NES and SEGA both had that magic. It was a different type, depending on your age at the time, but magic nonetheless. It was discovery. It was the future coming into your home. And, because it was a gaming system, it was a portal to worlds you never imagined would be so readily available.

In a way, it's sad to think that a new video game technology won't really have that same magic. Maybe some magic, but almost certainly less. Gone are the days when simply "pulling a quarter from behind our ear" would leave us spellbound, and gone are the days when we are amazed to have arcade-level technology in our homes.

And so it is, when we look back at those moments that defined us, that we remember them fondly... but also heavily.
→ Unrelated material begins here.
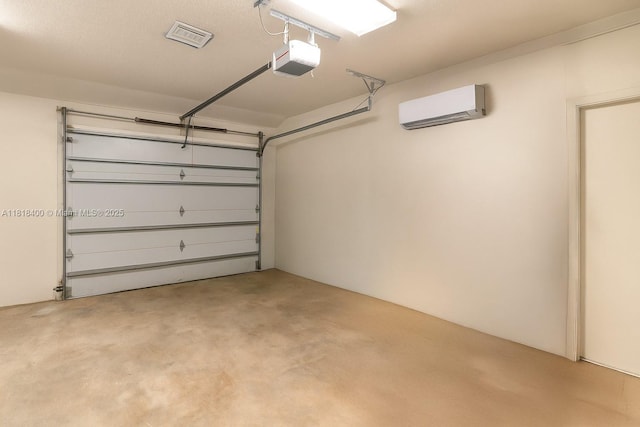 14051 SW 48th St, Miami, FL 33175 - garage featuring a wall mounted AC and a garage door opener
You can only discover something once. As great as new experiences will be, they won't have that same sense of discovery or wonder. I had a similar experience with school band, and it changed my life. Now, as a teacher, a lot of the magic and mystery are gone, but I can at least relive them vicariously through a few of my students.

Perhaps being in your position, commenting on (and thus helping to define for posterity) the gaming world will continue to afford you that same opportunity.

- Dastardly

The Sega Genesis didn't represent arcade-perfect conversions, in fact the first home console the featured an absolutely arcade-perfect experience was the Dreamcast. Many of the arcade conversions on the Sega Genesis were missing or lacking in the areas of video or sound. Sound for the Sega Genesis was especially lacking with its tinny sound and distorted voice cuts. Color palettes for arcade conversions seemed too dark and/or were missing noticeable frames of animation.

Desert Strike is a poor example of "arcade-like" gameplay. Yes, the action is fact and furious and challenging, but the game becomes boring looking for the next objective to destroy. And by boring I mean you could fly for at least 15 seconds to parts of a map and not face the threat of AA or AAA. In arcade games, the threat of defeat was ever-present. Desert Strike lacked that.

That brings me to why I enjoyed about the Genesis system: arcade-style scrolling shooting games. Compared to other contemporary systems the Sega Genesis had the largest catalog of arcade shooting-wannabes and conversions, second to the Turbografix-16. Thunder Force 3 & 4 definitely warrant mention.